▶ Available data
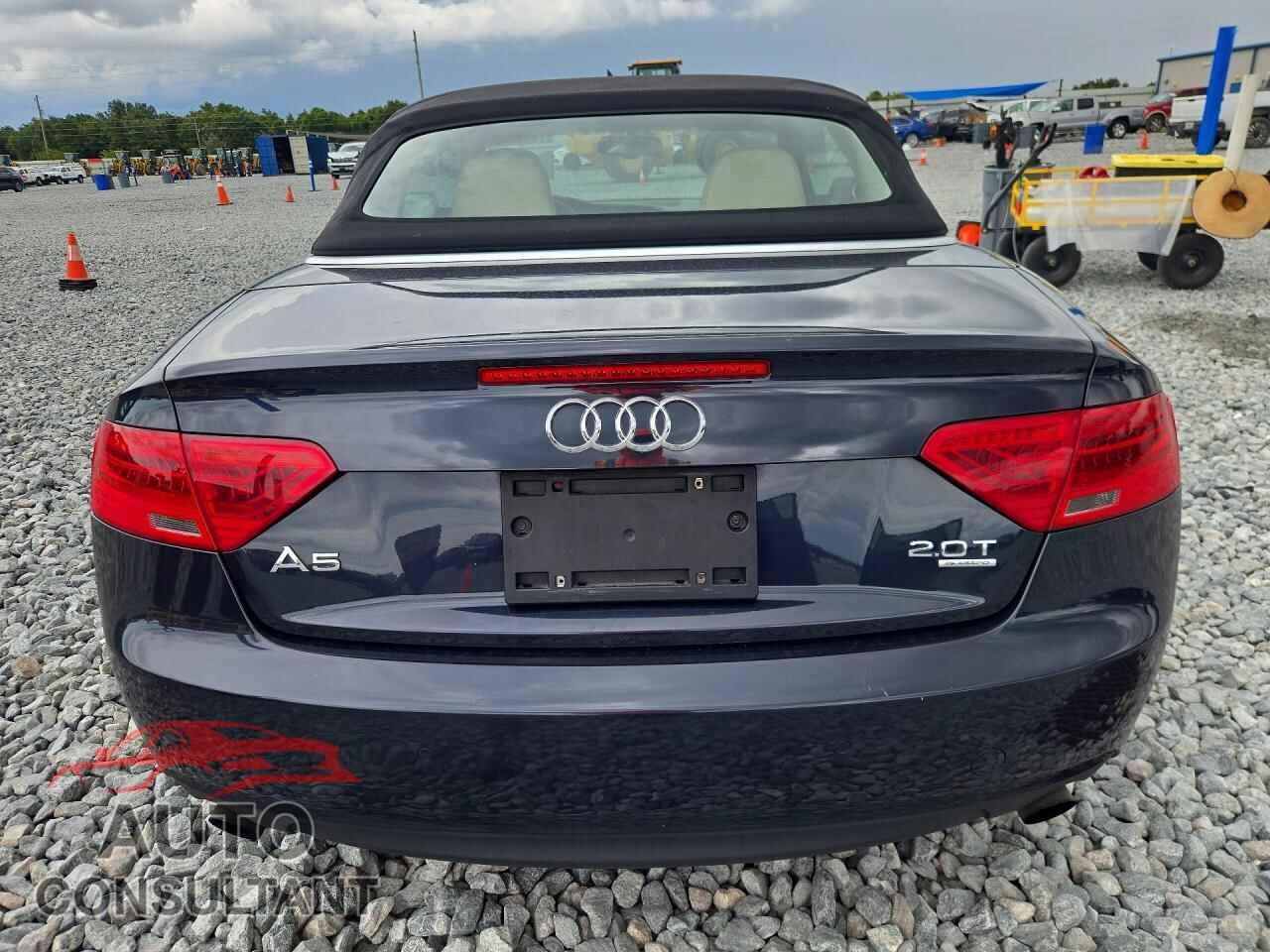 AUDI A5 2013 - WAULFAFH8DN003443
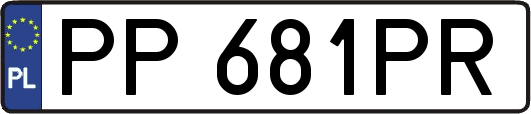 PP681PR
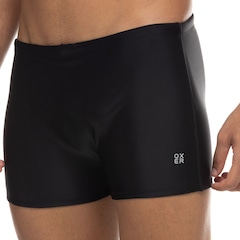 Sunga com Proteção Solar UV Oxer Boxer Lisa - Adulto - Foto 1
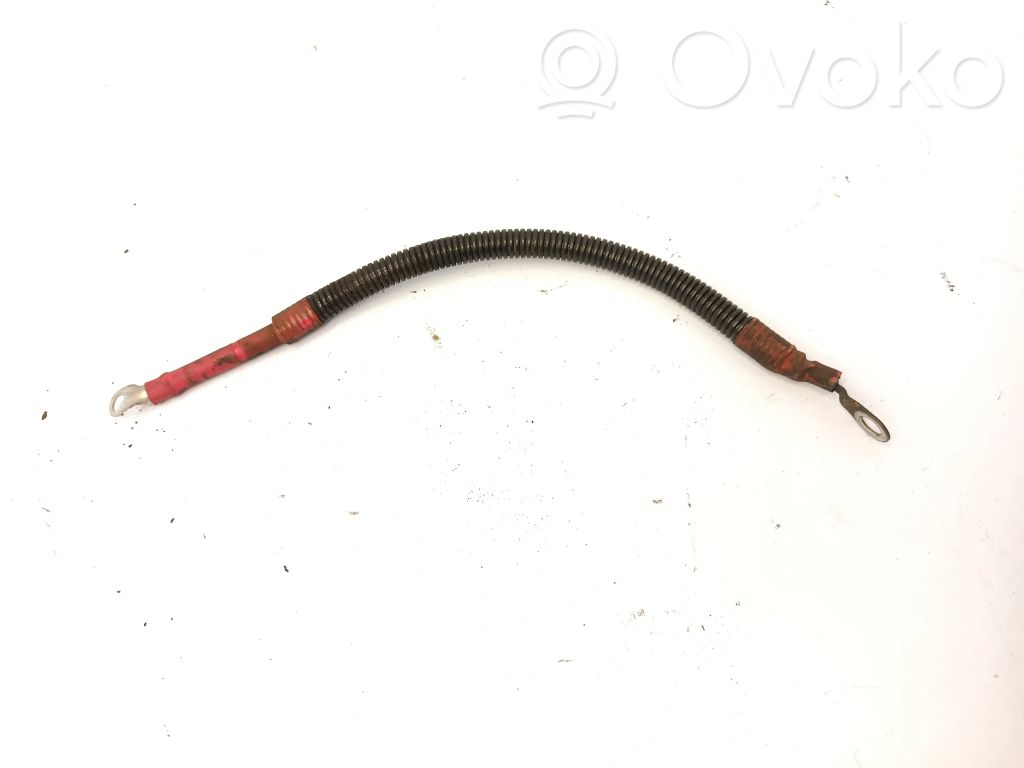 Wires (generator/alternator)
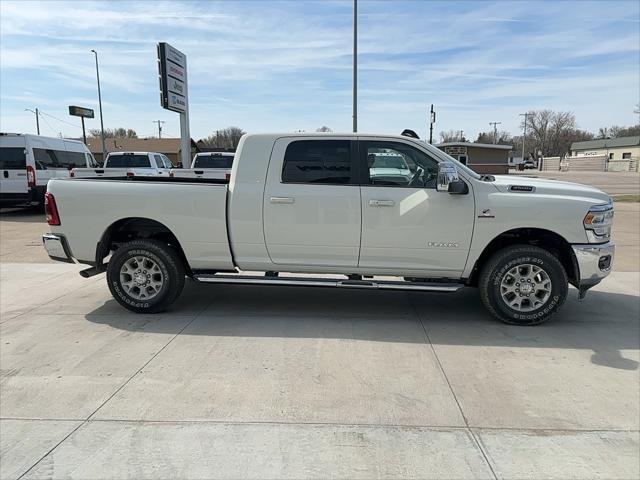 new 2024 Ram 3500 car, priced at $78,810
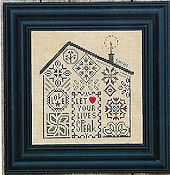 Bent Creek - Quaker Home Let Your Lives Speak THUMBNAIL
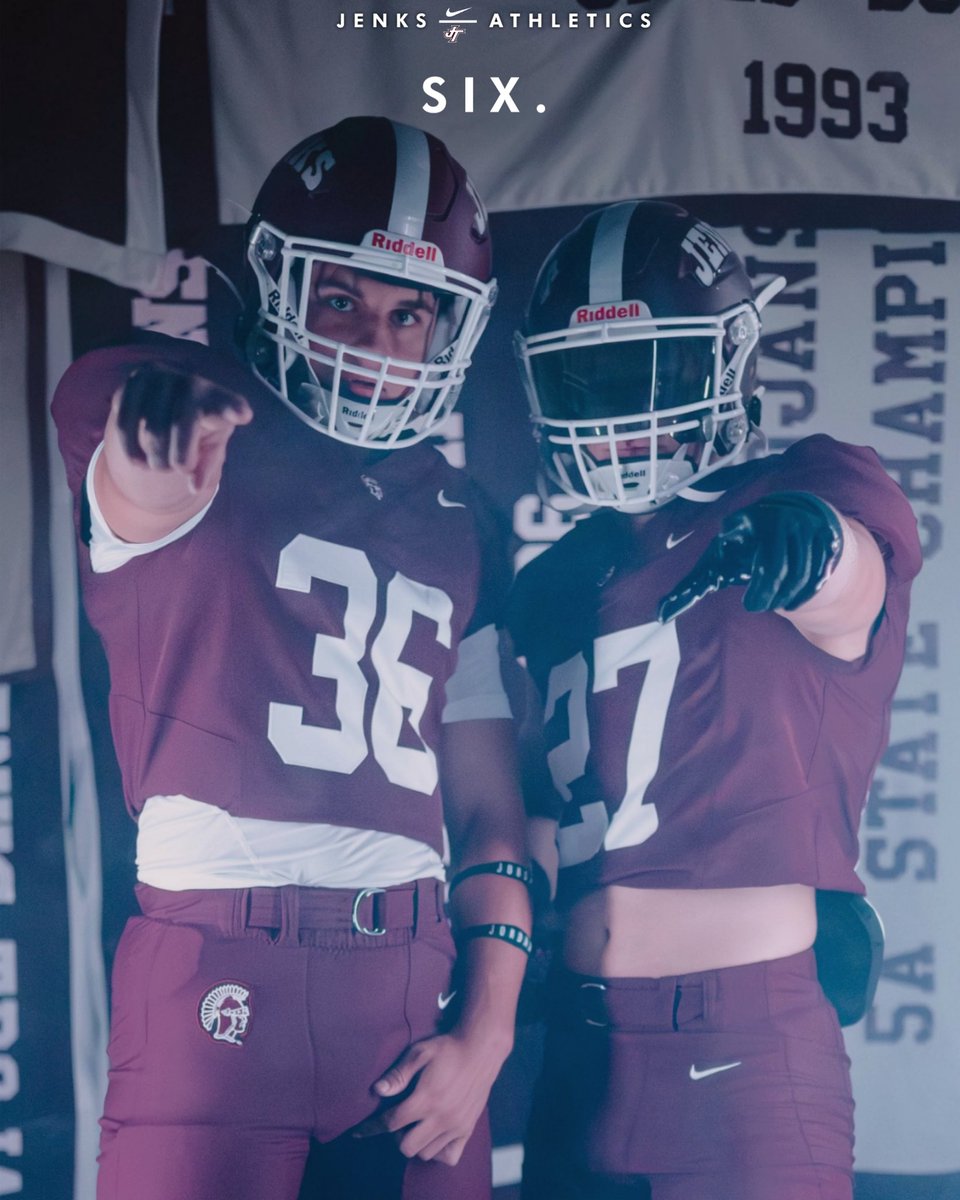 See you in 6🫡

▶ To do
Give the lines from the one containing "Bent Creek - Quaker" through the final line of the material again, exactly and in full, but without pictures.

▶ Exercise output
 Bent Creek - Quaker Home Let Your Lives Speak THUMBNAIL
 See you in 6🫡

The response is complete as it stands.